I hope you have all enjoyed Canada Day!  Welcome to July's episode of KaTsZoNe!

I am starting this month's episode with something which I have been curious about for a very long time -- the jury system.  I finally had a close up view when I became a juror.

My knowledge about the jury system was pretty much limited to the following which is found in the Canadian Charter of Rights and Freedoms that gives a person charged with an offence the right to a jury trial.  (See the Legal Rights section, section 11(f) of the Charter at http://laws.justice.gc.ca/en/charter/1.html). 


Our current jury system likely originated from 12th century England, when King Henry II set up the jury system to settle land disputes, using twelve free men.  In Canada,
civil cases have a jury of six people, and in a criminal trial, a jury consists of twelve people.  The jury system has quite a history and I encourage you to take a look at http://en.wikipedia.org/wiki/Jury_trial.

I was summoned to attend the Toronto Court House, in downtown Toronto, on the first day of June.  I had never been summoned as a potential juror and did not sure what to expect.  I only knew one person who had been summoned in the past and he told me to bring something to read because there would be a lot of waiting around.  I definitely had enough to read, but, unfortunately, not enough Starbucks coffee to keep me awake!  Brutal!

The first case which my panel was called into a courtroom for jury selection on a civil case.  A panel consists of a group of potential jurors.  The presiding judge gave us a brief synopsis of the case, as well as names of all the players - including the plaintiff, counsel and witnesses.  We were also told the expected length of the trial.  Anyone who thinks he/she might not be able to carry out their duty as a juror could approach the judge to give their reasons.  Once six jurors were selected, which was all that was needed for a civil case, the remainder of the panel could leave and a few sighs of relief could be heard.  The jury was escorted to the courtroom where the trial would be held, which started that same day. 

After lunch, I returned to the jury lounge, wondering if my panel would be called again.  At about 3 p.m., we finally heard the second call of the day.  We were led to the ninth floor of the Court House and entered a courtroom which already had another panel settled in there.  When my panel finally settled in, the presiding judge in the criminal trial gave a brief synopsis of the case.  The accused entered his pleas.  We were informed that the trial was expected to take 7 to 10 days.  We were introduced to the accused, Crown counsel, defence counsel, and given a list of names of potential witnesses.  The judge planned to select 30 potential jurors that day and go through the jury selection process.  By the end of the day, only a few jurors were selected.  We were told to return to the same courtroom the next day, to complete the selection process.
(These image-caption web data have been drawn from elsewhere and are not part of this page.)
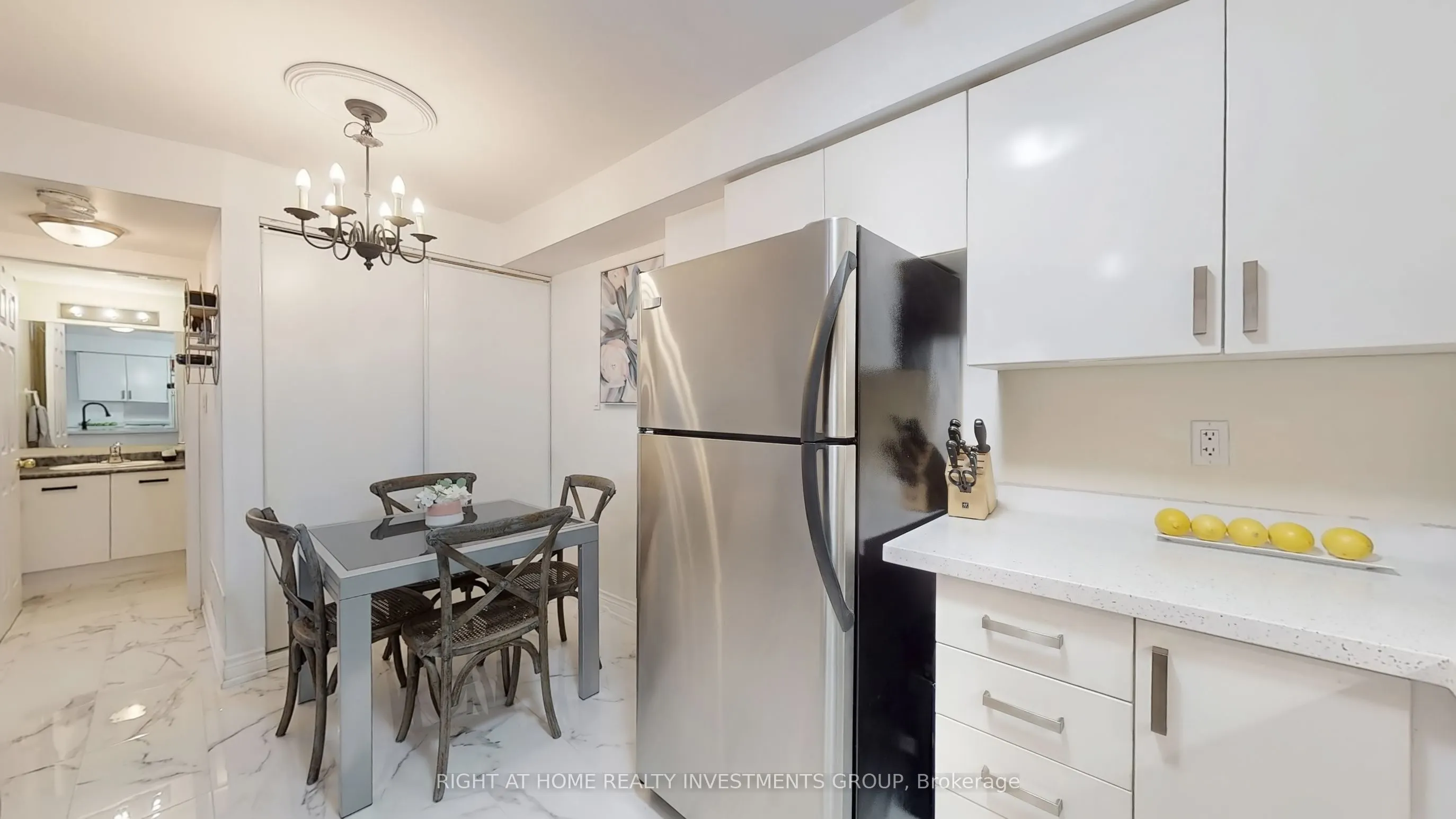 316 John Street, #118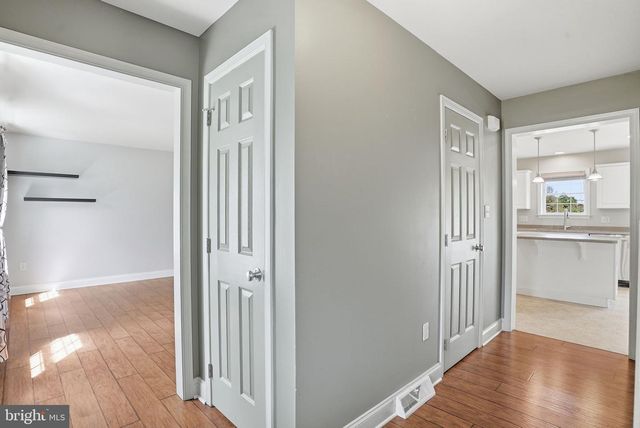 608 REDWOOD DR, Lancaster, PA 17602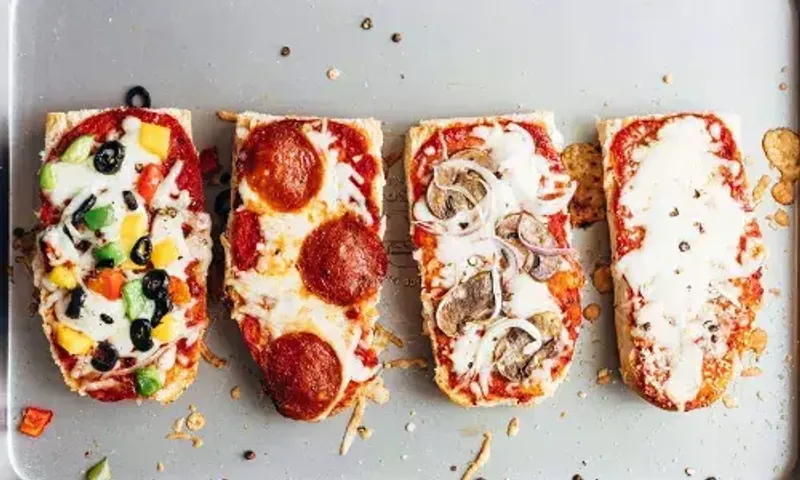 Pizza Toast Recipe: A quick recipe to fix your Pizza cravings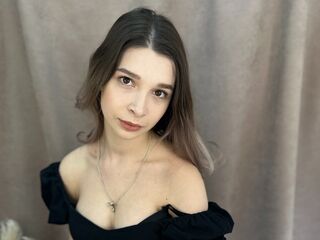 free webcam chat WandaHearing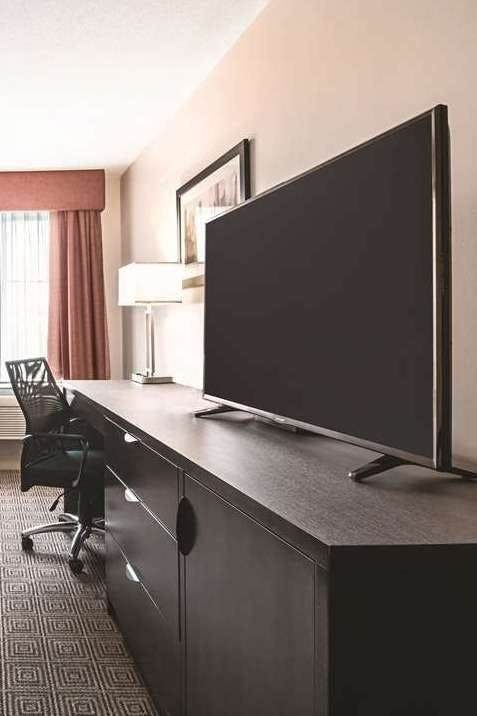 Hotel La Quinta Inn by Wyndham Vancouver Airport photo 4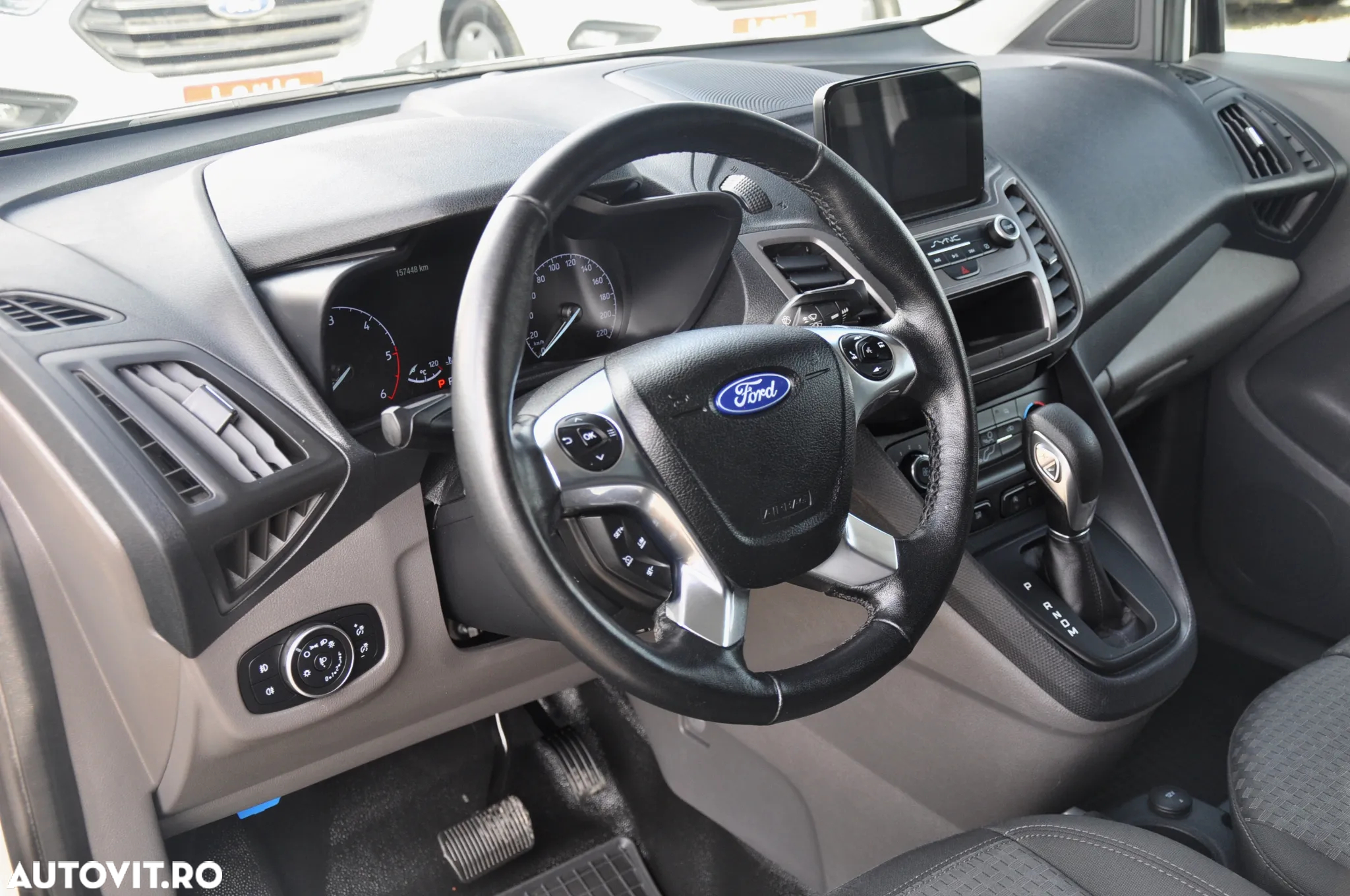 Ford Transit Connect L2H1 Van AUT. - 16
On Tuesday morning, I joined other potential jurors in the courtroom.  Another 10 potential jurors were to be selected.  The Registrar reached his hand into the drum to pull out one ballot at a time, which were written on small cards.  The juror number, name of the person and his/her occupation were read out loud before the court and once each name was called, that person would step forward to the front of the courtroom and faced the judge.  Those who had issues which would make it difficult for them to be jurors on this particular case would speak to the judge and if the judge would decide whether it was a good reason for that person to be excused.  The triers (two people who were selected from the panels), defence and the Crown had to all accept a person to be a juror in order for that person to be chosen.  If there was a "challenge" by either one of them, no reason had to be given - and the potential juror would be excused by the judge and could leave.  Before one was deemed acceptable or not acceptable, defence counsel would ask a question to be answered by the potential juror.  I had been saying my juror number in my mind, wondering if I would be called.  It's funny that every time someone's number was called, I had an urge to yell, "BINGO".  Hey, it was just like a lottery!  Well, finally, that morning, I was called up to the front and was selected as a juror -- BINGO!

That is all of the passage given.